(Dataset entries)
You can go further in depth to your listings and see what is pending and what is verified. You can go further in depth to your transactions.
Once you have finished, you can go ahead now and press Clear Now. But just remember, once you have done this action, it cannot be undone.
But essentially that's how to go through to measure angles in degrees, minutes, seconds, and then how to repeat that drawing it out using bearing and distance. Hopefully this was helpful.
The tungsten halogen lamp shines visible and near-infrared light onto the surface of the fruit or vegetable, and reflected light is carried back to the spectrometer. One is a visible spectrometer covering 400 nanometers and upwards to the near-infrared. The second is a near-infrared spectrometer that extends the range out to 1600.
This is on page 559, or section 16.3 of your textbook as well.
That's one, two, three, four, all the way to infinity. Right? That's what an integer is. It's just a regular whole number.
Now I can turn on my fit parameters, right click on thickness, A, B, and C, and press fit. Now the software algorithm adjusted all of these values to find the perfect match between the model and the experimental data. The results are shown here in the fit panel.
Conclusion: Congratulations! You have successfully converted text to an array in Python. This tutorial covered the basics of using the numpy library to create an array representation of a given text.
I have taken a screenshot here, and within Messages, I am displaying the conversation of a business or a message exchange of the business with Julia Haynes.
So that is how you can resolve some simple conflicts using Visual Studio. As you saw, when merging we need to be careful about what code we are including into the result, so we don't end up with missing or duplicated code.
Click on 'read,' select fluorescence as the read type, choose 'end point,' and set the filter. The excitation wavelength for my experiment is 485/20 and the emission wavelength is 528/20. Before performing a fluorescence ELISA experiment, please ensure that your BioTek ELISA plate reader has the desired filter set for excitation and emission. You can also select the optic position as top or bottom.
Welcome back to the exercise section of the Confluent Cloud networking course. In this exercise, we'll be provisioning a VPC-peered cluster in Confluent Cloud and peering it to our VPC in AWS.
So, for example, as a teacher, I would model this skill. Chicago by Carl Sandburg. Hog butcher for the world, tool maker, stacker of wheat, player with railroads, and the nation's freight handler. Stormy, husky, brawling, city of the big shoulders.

> [The problem]: State how many lines in the entries above hold the word "section", with no further text.

> [Finished task]: 2